Na trama, a revista The Atlantic dedica uma crítica a Vanner que caberia ao próprio Díaz. "Nosso cânone está saturado de histórias sobre classe e consumo conspícuo, sobre os modos engessados ou as excentricidades desenfreadas que acompanham a riqueza. As narrativas que tentam criticar a riqueza e a desigualdade quase sempre acabam se deslumbrando pela ganância ostentadora que se propõem desmistificar –uma armadilha que o senhor Vanner evita com destreza."

Um dos mais inspirados caminhos de Díaz para evitar a armadilha do deslumbre é a segunda história, que ele próprio definiu como maior desafio do romance —escrever pelas mãos de Andrew Bevel, um milionário que se sente injustiçado por acreditar que sua ganância foi, na verdade, grande responsável pela evolução da nação.

E pior, num texto medíocre, imerso em um contexto de vulgaridade ostensiva já que, à época, Donald Trump estava no poder. O resultado, graças à profunda ironia inerente à empreitada, é surpreendentemente saboroso.

E prepara o terreno para a terceira voz, da jovem filha de um imigrante italiano anarquista, que se torna ghostwriter do autor precedente. Cabe a ela expor a forma como Bevel infla sua importância, enquanto inventa uma personalidade morna para a mulher. A última história amarra magistralmente todas as outras.

E, nesse mosaico, Díaz desnuda como os grandes indutores e beneficiários das crises endêmicas do capitalismo se valem do poder econômico para converter seu saldo de terra arrasada em histórias de sucesso pessoal e familiar, ocultando os cadáveres da acumulação primitiva —escravidão, genocídios, pobreza, fome et cetera.

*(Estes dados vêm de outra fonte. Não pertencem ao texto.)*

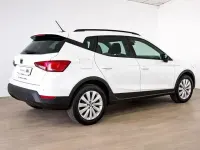 Usado Seat Arona Style 95 CV (69 kW) 2019 Blanco SUV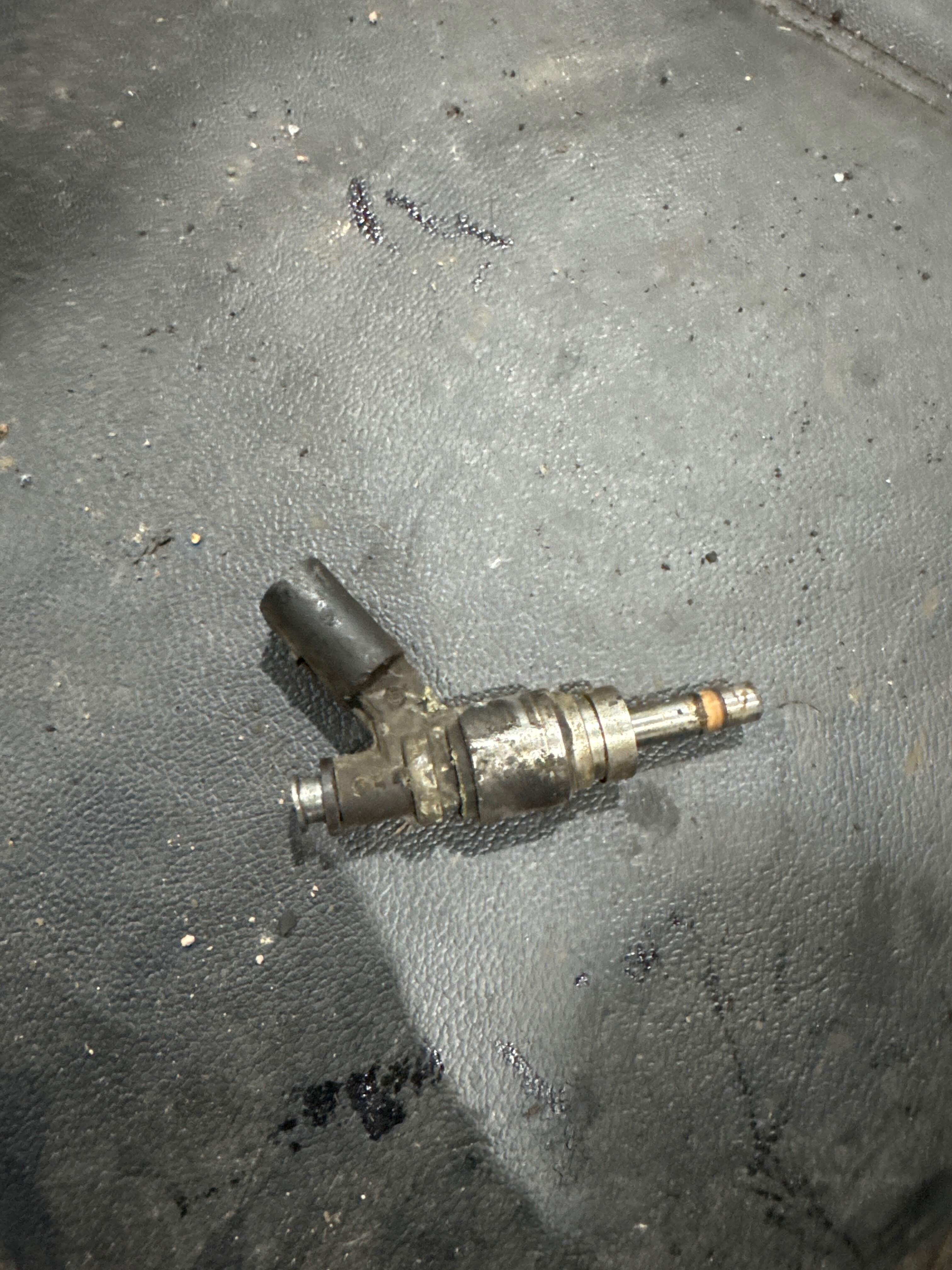 079906036C Fuel Injector
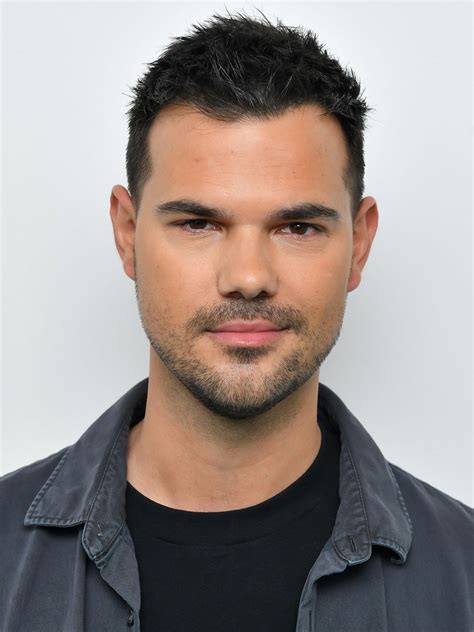 How old is taylor lauther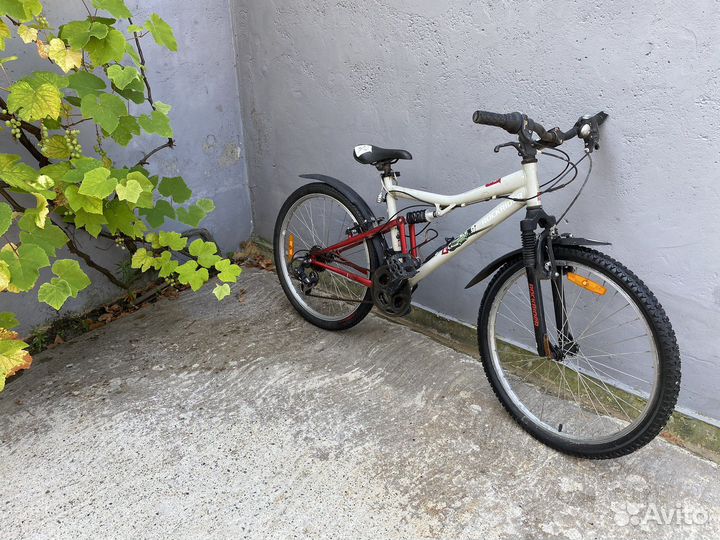 Велосипед btwin rockrider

Não bastasse toda a complexidade crítica e literária, Díaz ainda se impõe o desafio da paridade de gênero, incomodado com a obscena exclusão das mulheres nas narrativas sobre impérios financeiros e seus "Grandes Homens" –uma escolha ideológica para alimentar o mito masculino do triunfo.

Por fim, o livro não exige um MBA em finanças, como alguns podem pensar. É fácil e fluido porque Díaz sabe que a conversa sobre economia é "propositalmente esotérica" e "desenhada para não ser entendida" e que esse hermetismo, seja da intimidade dos ricos, seja do jargão com que eles exercem o poder, é um mero mecanismo de controle.